§ **EXCERPTED RECORDS**
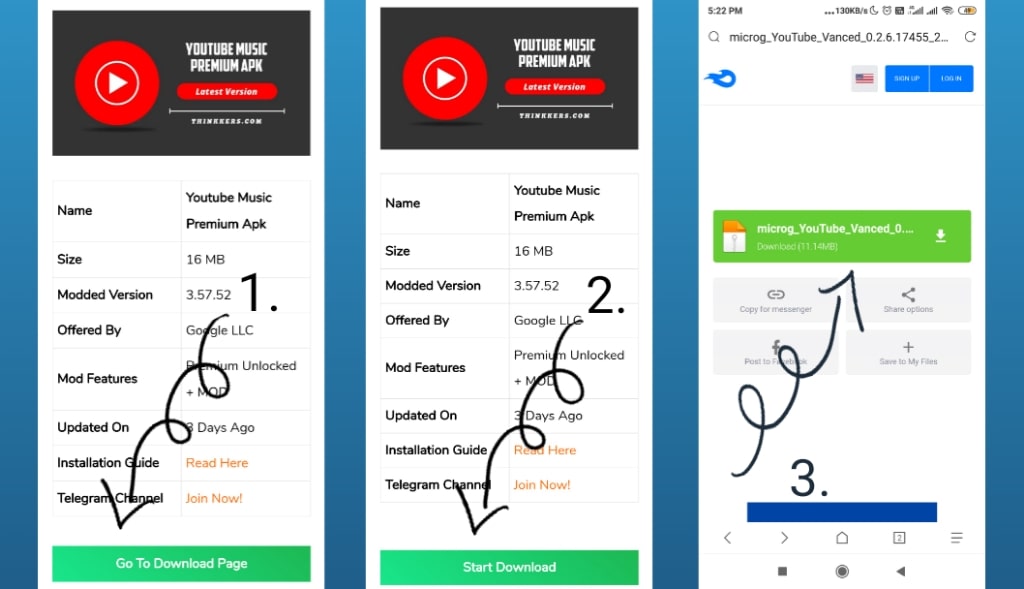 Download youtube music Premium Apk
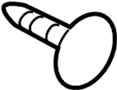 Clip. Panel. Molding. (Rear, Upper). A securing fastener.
...
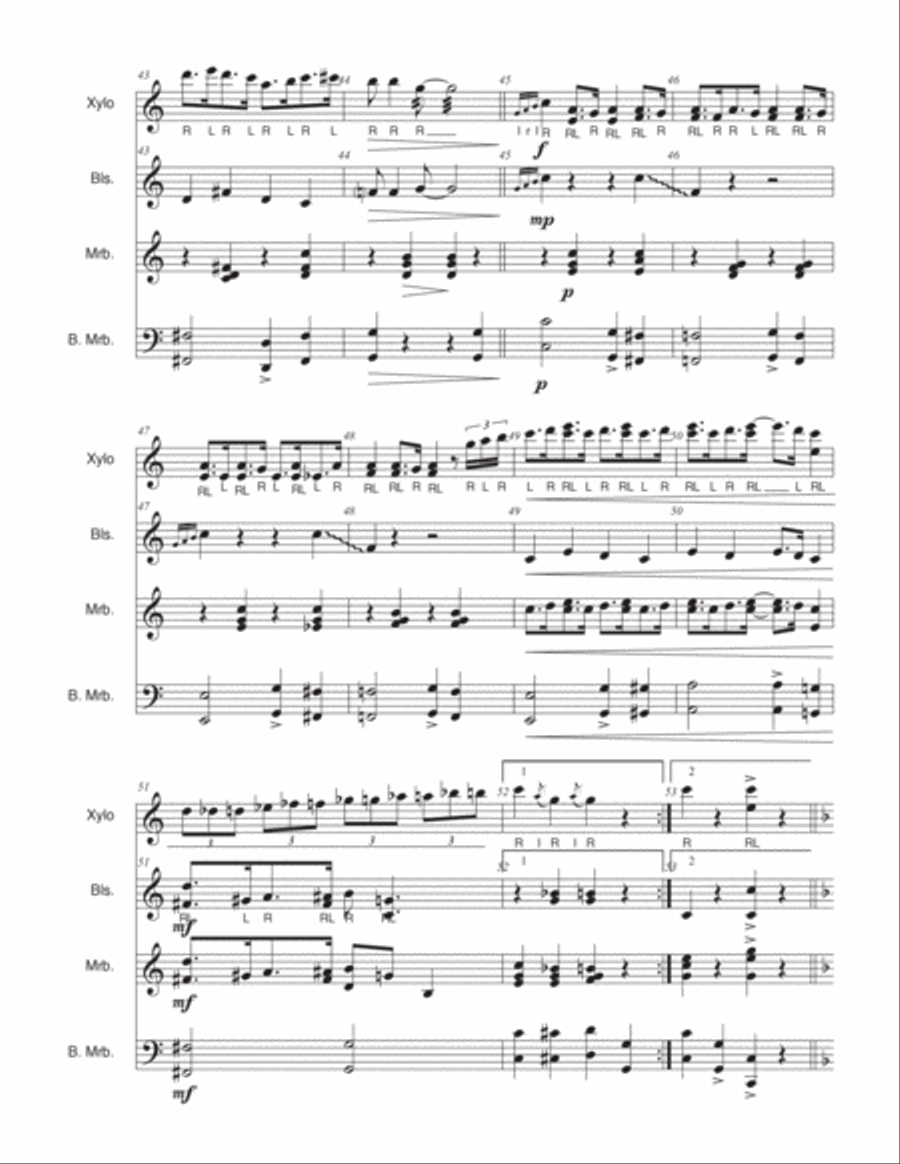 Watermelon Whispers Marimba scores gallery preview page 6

§ **WHAT YOU WILL DO**
Only one stretch of the entries above is needed: the lines from the one containing "Download youtube music Premium Apk" through the one containing "Clip. Panel. Molding.". Copy it exactly, without the pictures.

§ **COMPLETED TASK**
 Download youtube music Premium Apk
 Clip. Panel. Molding. (Rear, Upper). A securing fastener.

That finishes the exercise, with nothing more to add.